Хотя я и давала себе слово не отводить глаза, сейчас не выдерживаю и начинаю изучать салфетку. Ну вот как Дану удаётся смотреть прямо и спокойно говорить о том, что тогда происходило? Почему волнуюсь только я?
— Ты часто смущаешься. Это связано со мной, или я зря рассчитываю на эксклюзив?
Я краснею ещё гуще и, издав тихий смешок, поднимаю глаза. После такого разоблачения смутиться сильнее уже невозможно.
— В твоём обществе это происходит, пожалуй, чаще, чем с другими.
На лице Дана незамедлительно вспыхивает улыбка, от которой в груди ёкает.
— Интересно почему?
— Потому что ты другой. Прямолинейный и, кажется, будто можешь говорить честно обо всём на свете. Я так не умею. Всё время боюсь кого-то обидеть или показаться бестактной.
— Так я, по-твоему, бестактный?
— Ты нет, — торопливо заверяю я. — Совсем нет. Наоборот, несмотря на внешнюю расслабленность, ты один из самых тактичных людей, которых я знаю.

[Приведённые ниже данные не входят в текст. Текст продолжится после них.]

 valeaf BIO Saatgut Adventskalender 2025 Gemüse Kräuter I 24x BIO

— Ошибаешься, Татьяна Викторовна. Моя тактичность как дресс-код. Выбираю по ощущению.
Помолчав, делаю ещё одно признание. Просто с Даном мне легко и представляется, что в этот момент онединственный, кто способен меня понять.
— Я очень завидую твоей свободе. Как думаешь, этому можно научиться?

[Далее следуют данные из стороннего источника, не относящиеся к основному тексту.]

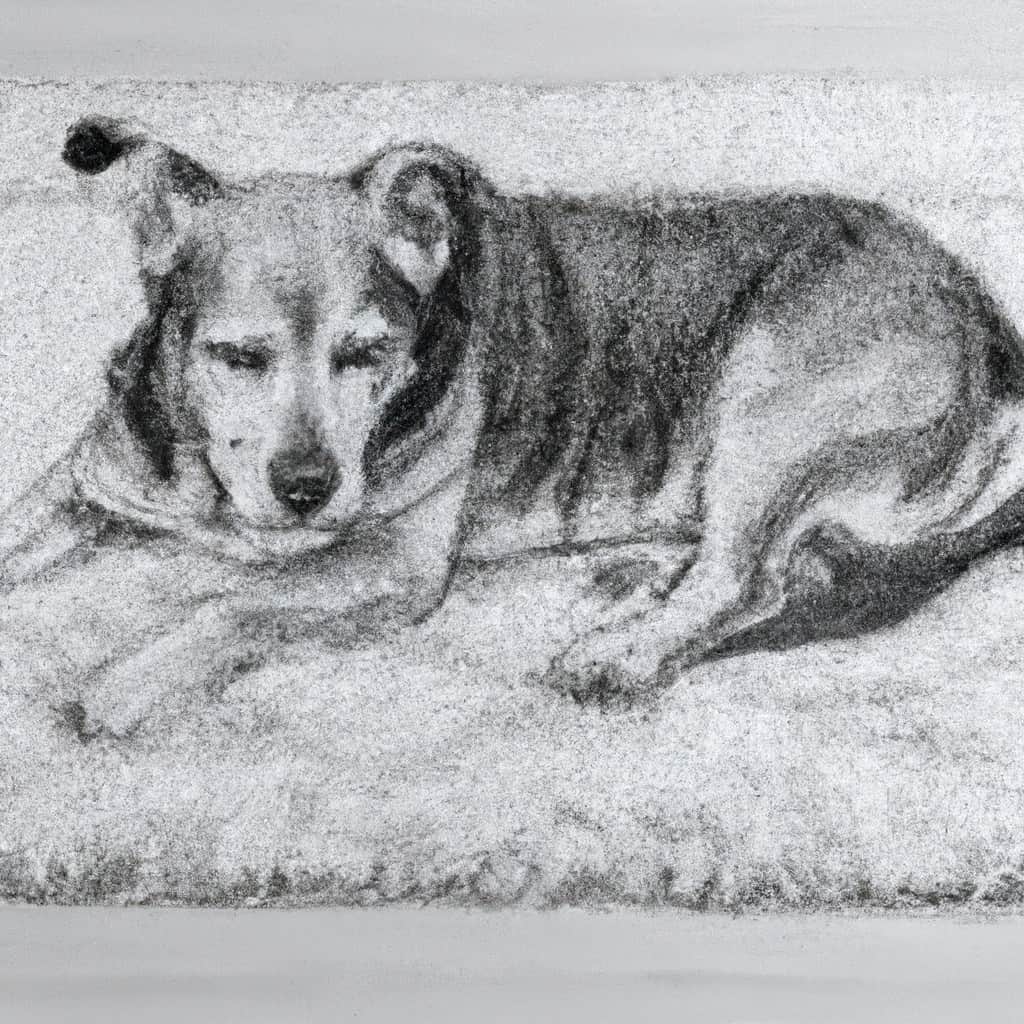 Senior dog resting comfortably on a rug.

— Думаю, вполне. Но мне было проще, чем остальным. Меня растили в убеждении, что я особенный и неповторимый.
— Так вот в чём твой секрет, — улыбаюсь я.
— Конечно. В мире не существует силы, способной убедить меня в обратном. Хотя многие пытались. Особенно старались школьные учителя, которые говорили, что с такими оценками и таким поведением я ничего в жизни не добьюсь.

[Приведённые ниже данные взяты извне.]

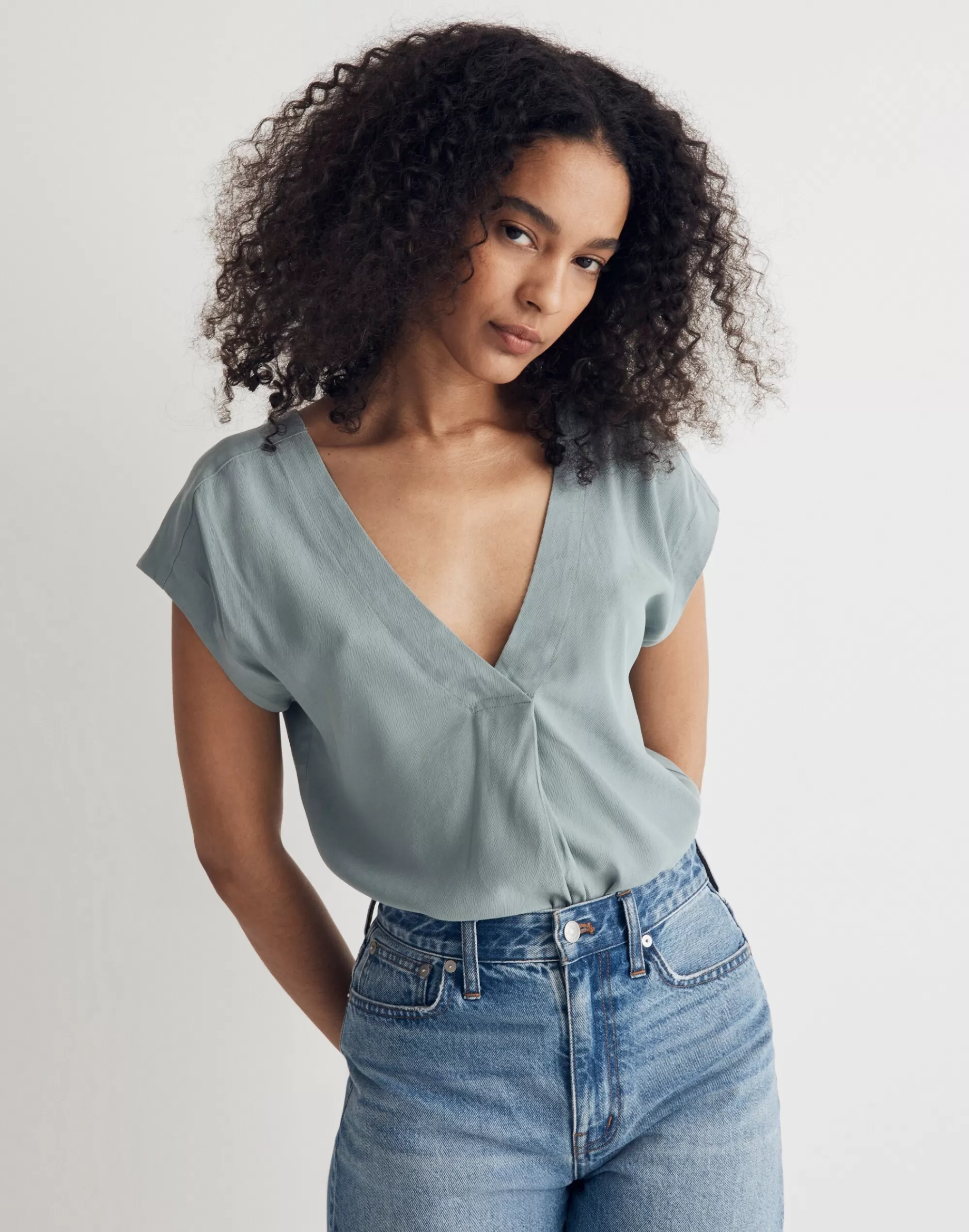 Madewell Tops & Shirts>Lusterweave V-Neck Top Overcast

— Зато теперь они точно знают, что ошибались.
Широко улыбнувшись, Дан салютует мне бокалом с соком.
— Именно так. Не стоит доверять пессимистам, живущим по навязанному шаблону.
**************
— Значит, ты был любимчиком в семье?
Я неспешно переставляю ноги по брусчатой мостовой, копируя шаг своего спутника. После ужина, с подачи Дана мы вышли прогуляться по главной столичной улице.
— Почему это?
— Потому что упоминал, что у тебя есть сестра, но единственным и неповторимым назвал лишь себя.
— Откуда такие стереотипы, Татьяна Викторовна? — усмехается Дан, глядя на меня с шутливым укором. — Уверен, что и моя сестра считает себя единственной и неповторимой в своём роде. Между нами не было конкуренции. Любви родителей хватало на нас двоих.